ELLSWORTH — Christmas and New Years are now long past and spring seems a long way away, just the time to check up on how boats in storage are faring during their long winter naps.
At the least, a timely mid-winter visit to the boatyard (or door yard) may go a long way toward ensuring a timely and easy launch come spring. In some cases, that checkup may prevent serious and expensive repairs and launching delays.
Checking on a boat of any size during the winter requires safeguards, according to the BoatUS Foundation for Boating Safety and Clean Water. U.S. Coast Guard statistics show that January has the highest number of boat-related fatal accidents.
Here are some tips to keep in mind when planning a winter visit to the boat.
In Maine, most boats are stored ashore during the winter. If that’s the case, be extra careful when using a ladder to board a boat stored in the boatyard or on a trailer. Make sure the ladder is firmly planted and secured with a line at the top to avoid shifting. If possible, have someone hold the ladder while in use, and use a bucket and line tied to a cleat to move tools and supplies to keep hands free for the ladder.
Even a few inches of accumulated snow can have tremendous weight.

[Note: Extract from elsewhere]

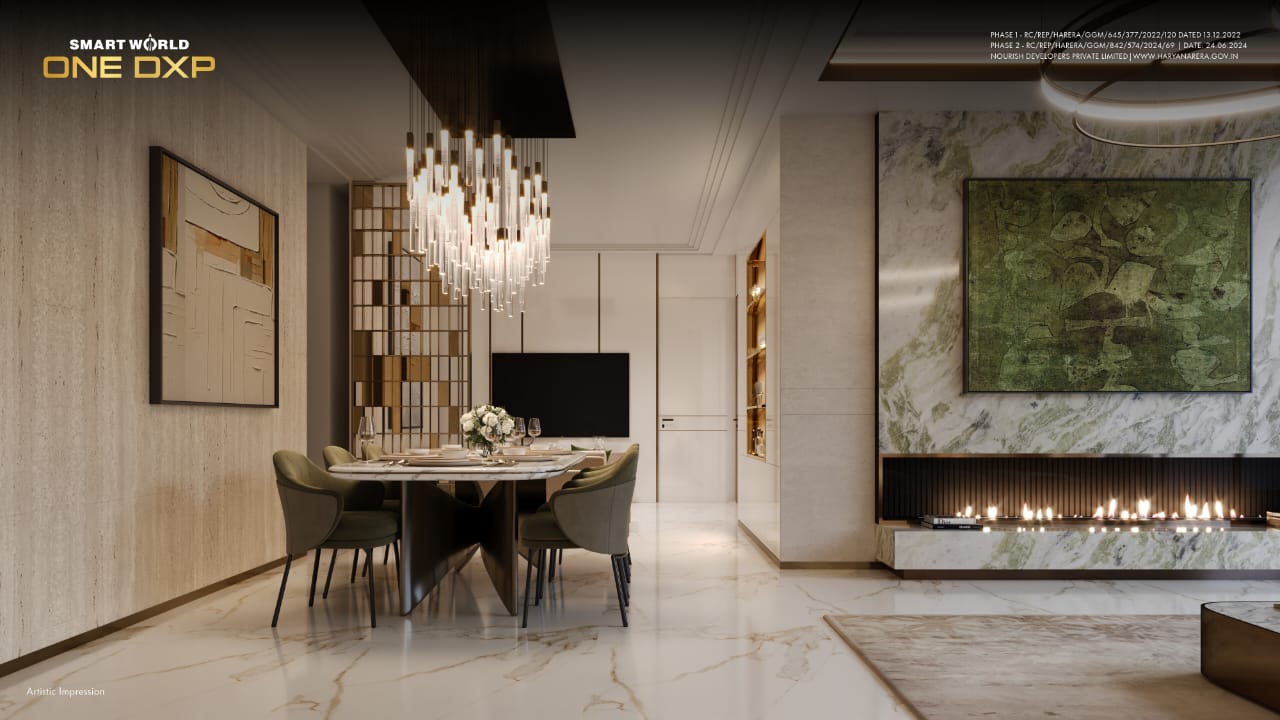 WhatsApp Image 2026-01-31 at 11.48.12 AM (3)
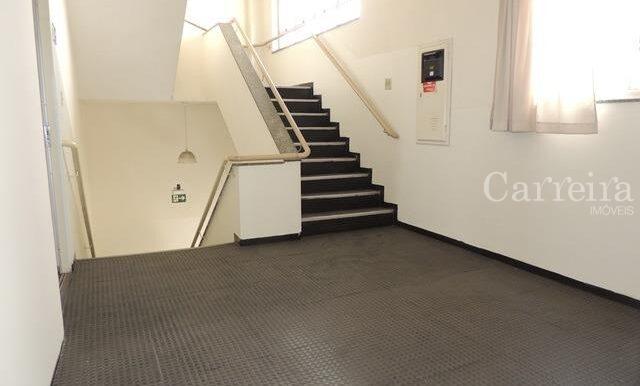 Prédio à venda no Penha de França:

Make sure that any tarps or other coverings haven’t been loosened and enough pitch remains for snow and ice to slide off. As during boating season, always “keep one hand on the boat” when adjusting covers or lines that are difficult to reach.

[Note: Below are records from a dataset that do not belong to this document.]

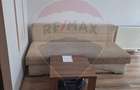 Apartament cu doua camere la Ared Kaufland - 1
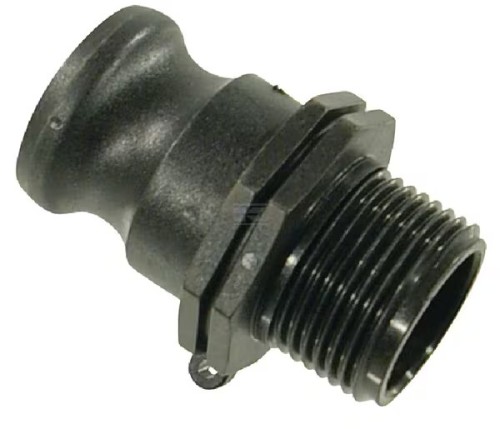 50e2c0f95325ec26dfd8fea185be7100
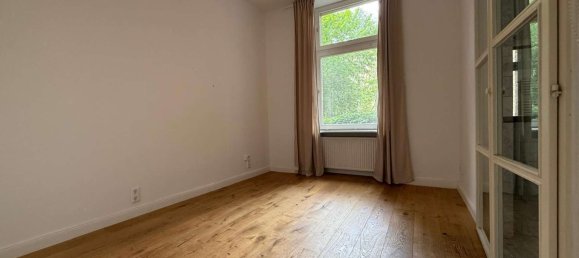 1 bedroom Apartment in Tempelhof, Germany No. 265420 6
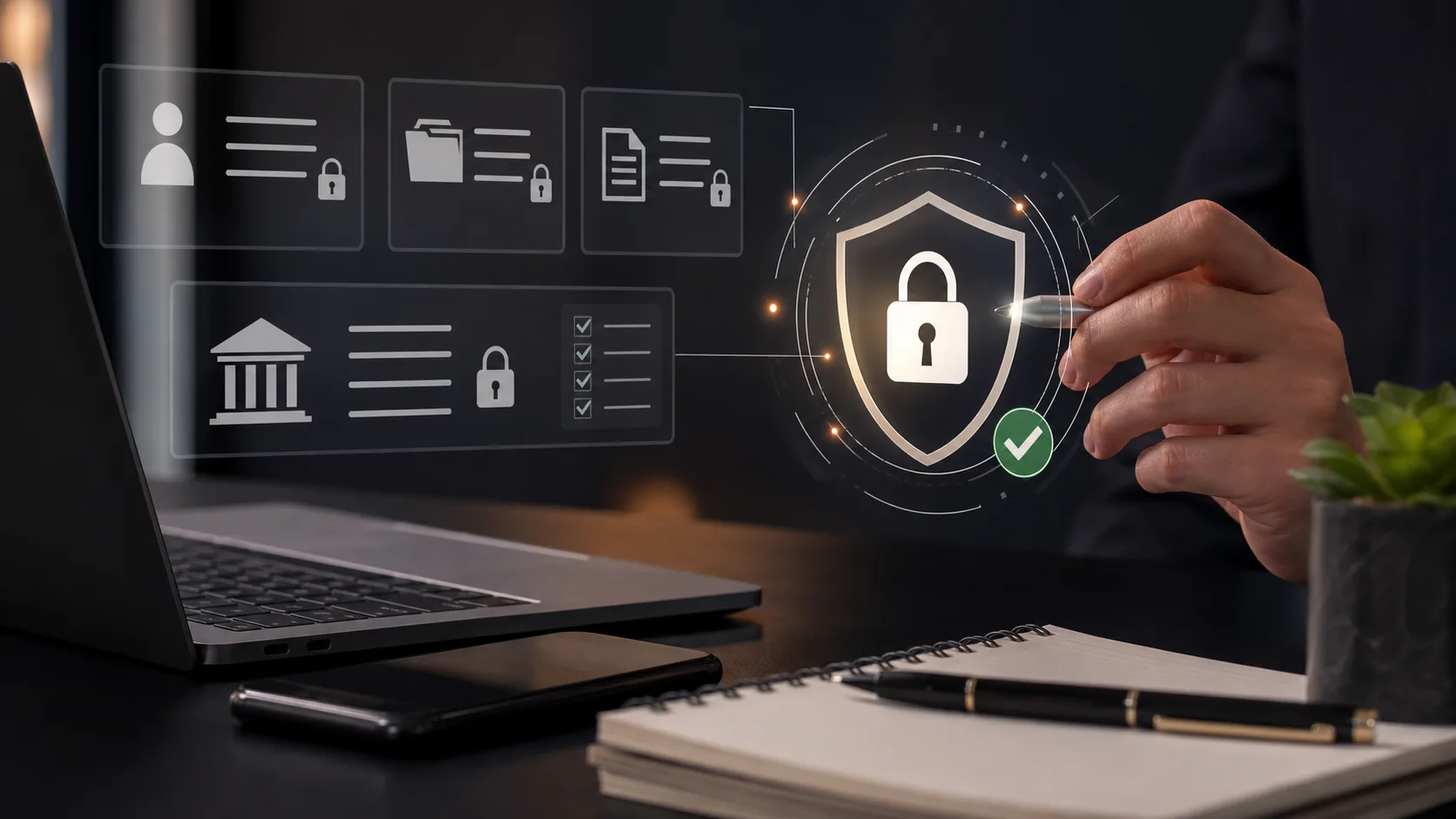 Privacidade e proteção de dados na plataforma pokerstars.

If the boat is stored on jack stands, check to be sure they haven’t moved, but never attempt to move or adjust one yourself – that’s the boatyard’s job. Do not tie off tarps to stands as winds could pull them out.
If yours is one of the relatively rare boats in Downeast Maine that spends the winter in the water, when you head down to visit don’t go alone. There’s a good chance that in the dead of winter no one would hear a call for help if you slipped on the dock or the boat and fell overboard.

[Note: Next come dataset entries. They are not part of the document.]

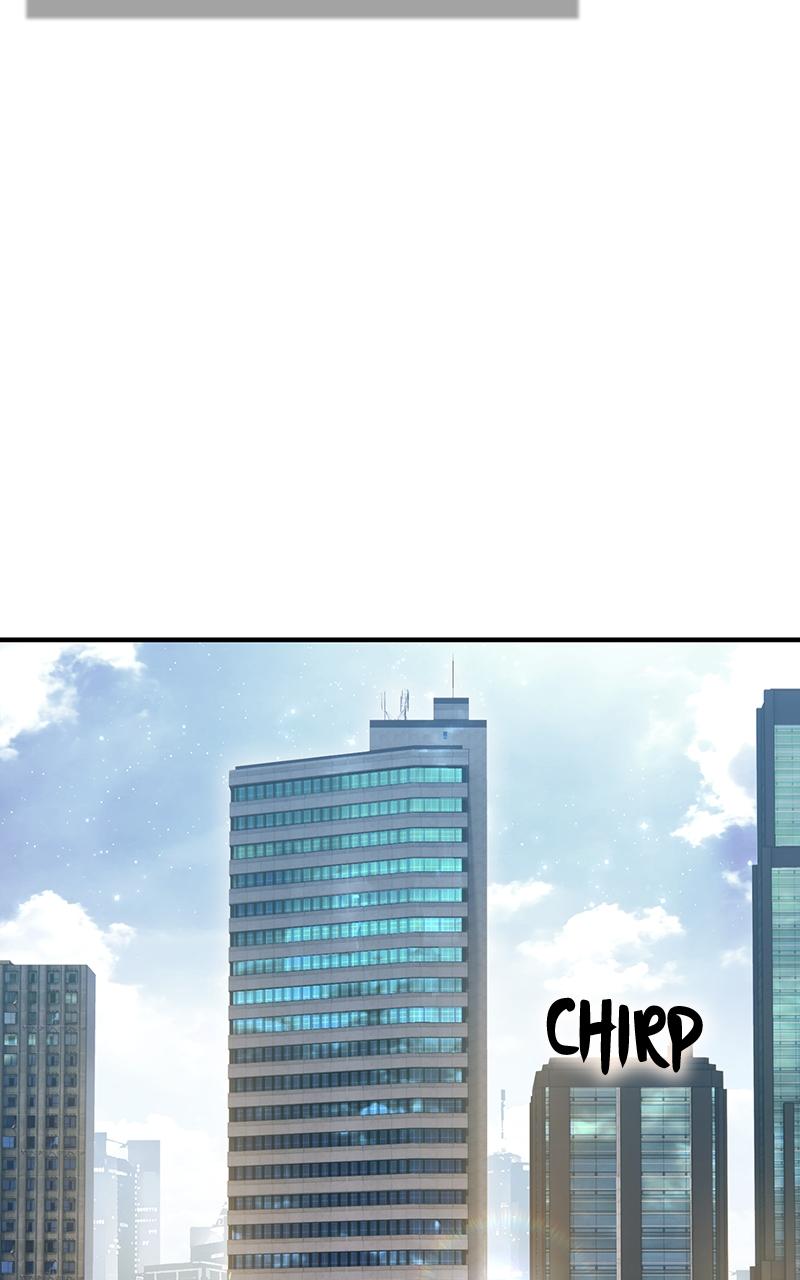 Read Hardcore Leveling Warrior chapter 164.3 image 122 on Lezhin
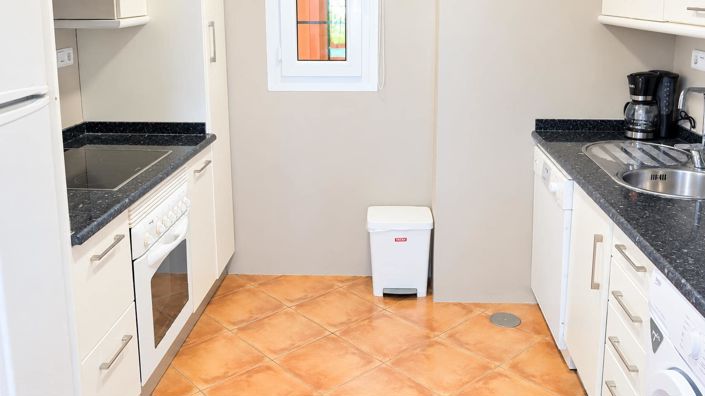 Image No.6-Apartamento con 2 dormitorios en venta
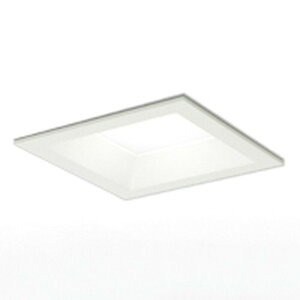 I[fbN LED_ECg p^ M100W 100 ^Cv ʔ F:OD261193R dF:OD261194R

If there’s ever a reason to wear a life jacket, and there are many, a winter boat visit may be the ideal time, especially if you’re solo. A little slip could have big consequences, and a life jacket could buy enough the time for self-rescue especially if you know where the dock ladders are located.
Fluffy snow can be deceptively slick, so save the smooth-soled boat shoes for the summer and wear something with traction. According to BoatUS Marine Insurance, slip and falls are a common claim occurring in a marina.
Shoveling or chipping away ice on your boat may cause damage. A stiff broom is best to clear a path.